Aim of the exercise. Word for word, reproduce the listing that follows, excluding any pictures it contains.

Supplied data.
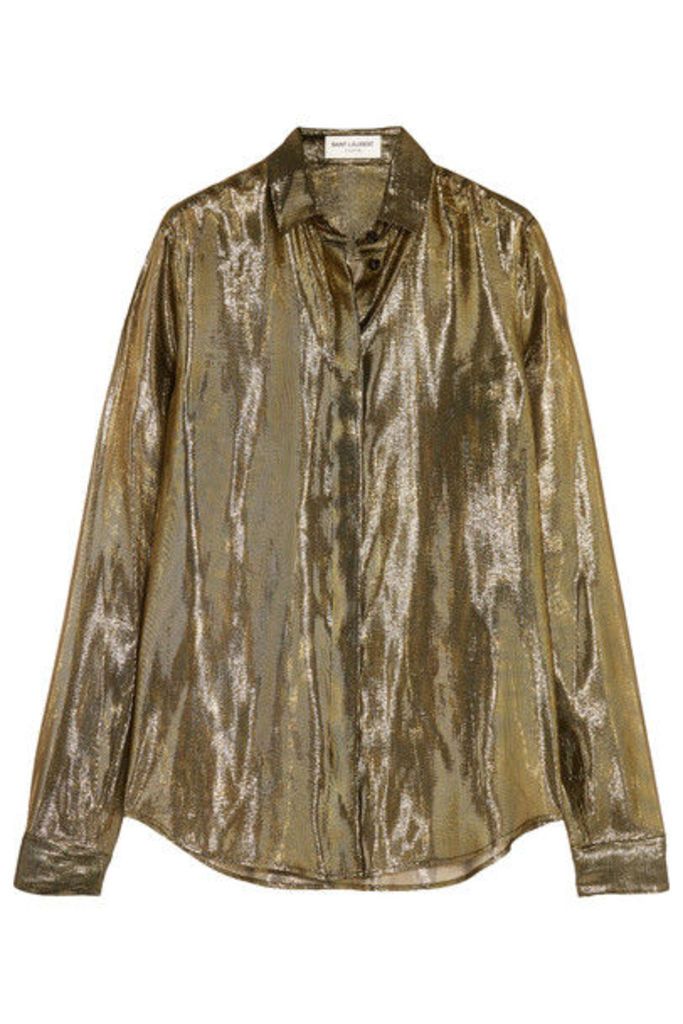 Saint Laurent - Metallic Silk-blend LamÃ© Shirt - Gold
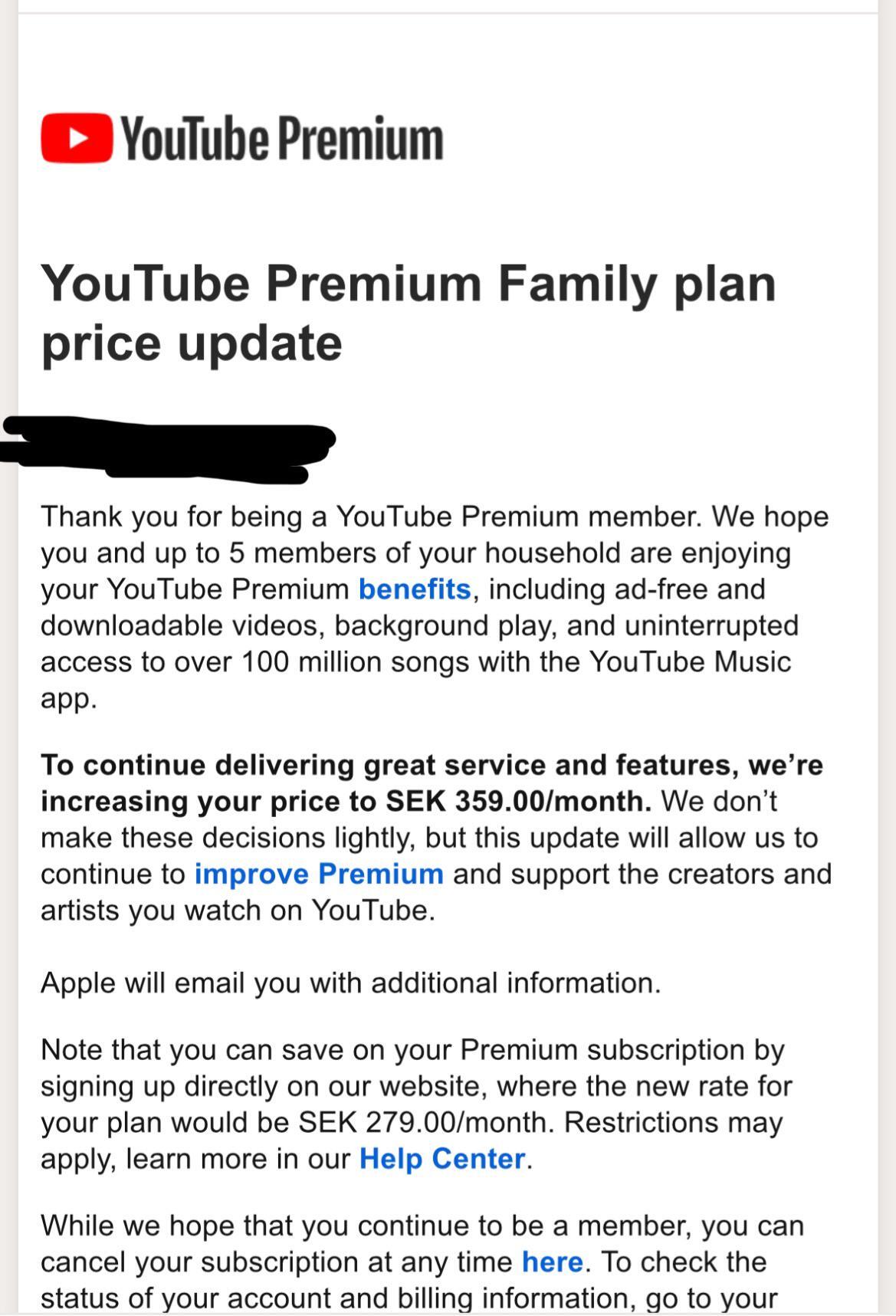 A screenshot of an email sent to YouTube premium subscribers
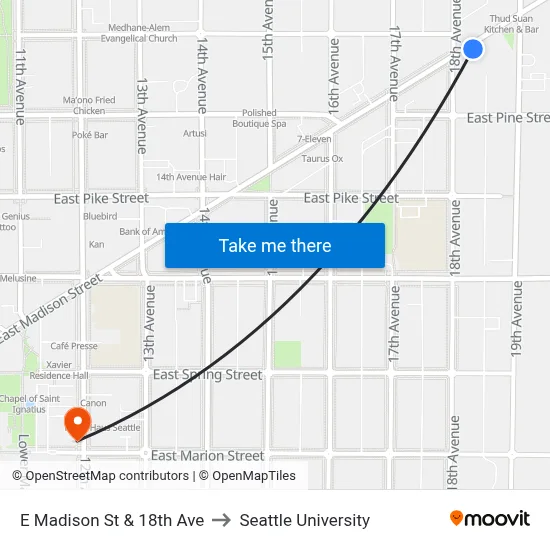 E Madison St & 18th Ave to Seattle University map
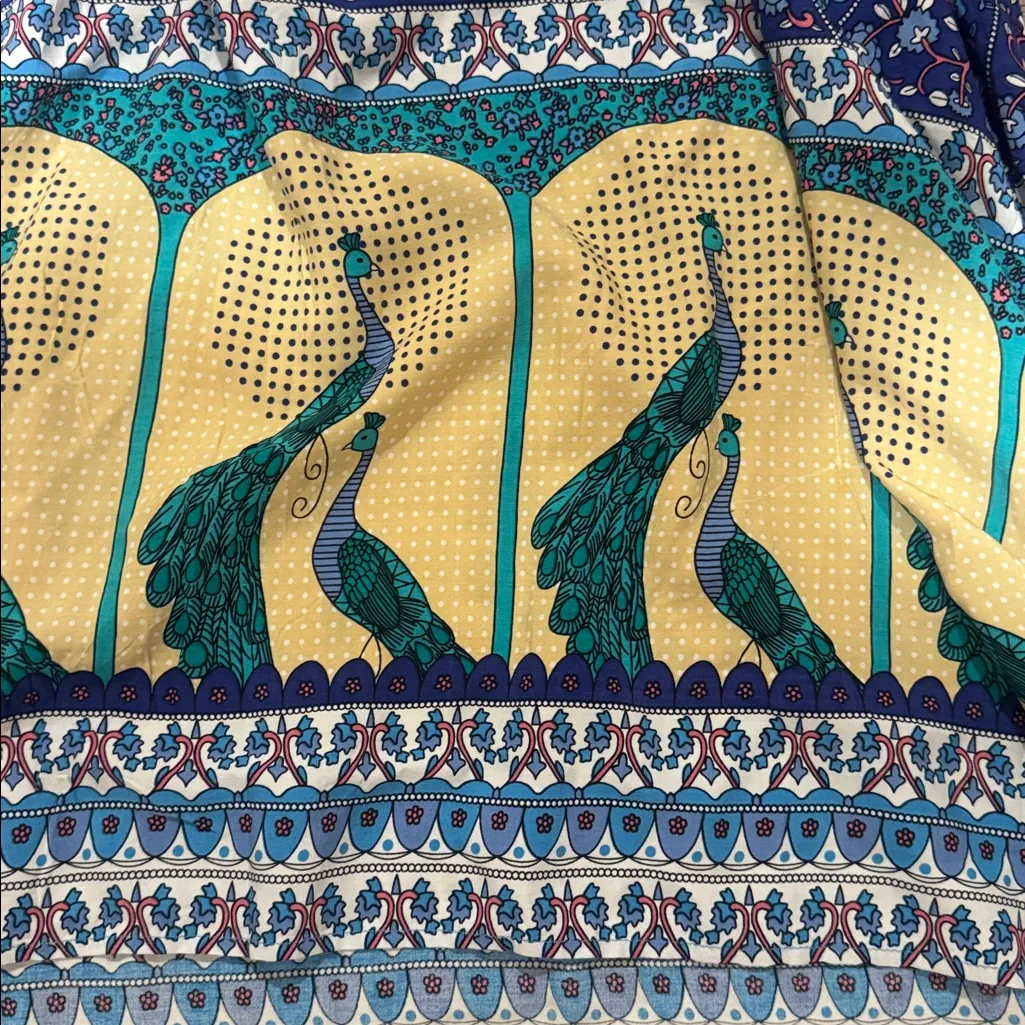 R. Vivimos Peacock Multicolor Dress SIZE L Blue Size L - Image 2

Output.
 Saint Laurent - Metallic Silk-blend LamÃ© Shirt - Gold
 A screenshot of an email sent to YouTube premium subscribers
 E Madison St & 18th Ave to Seattle University map
 R. Vivimos Peacock Multicolor Dress SIZE L Blue Size L - Image 2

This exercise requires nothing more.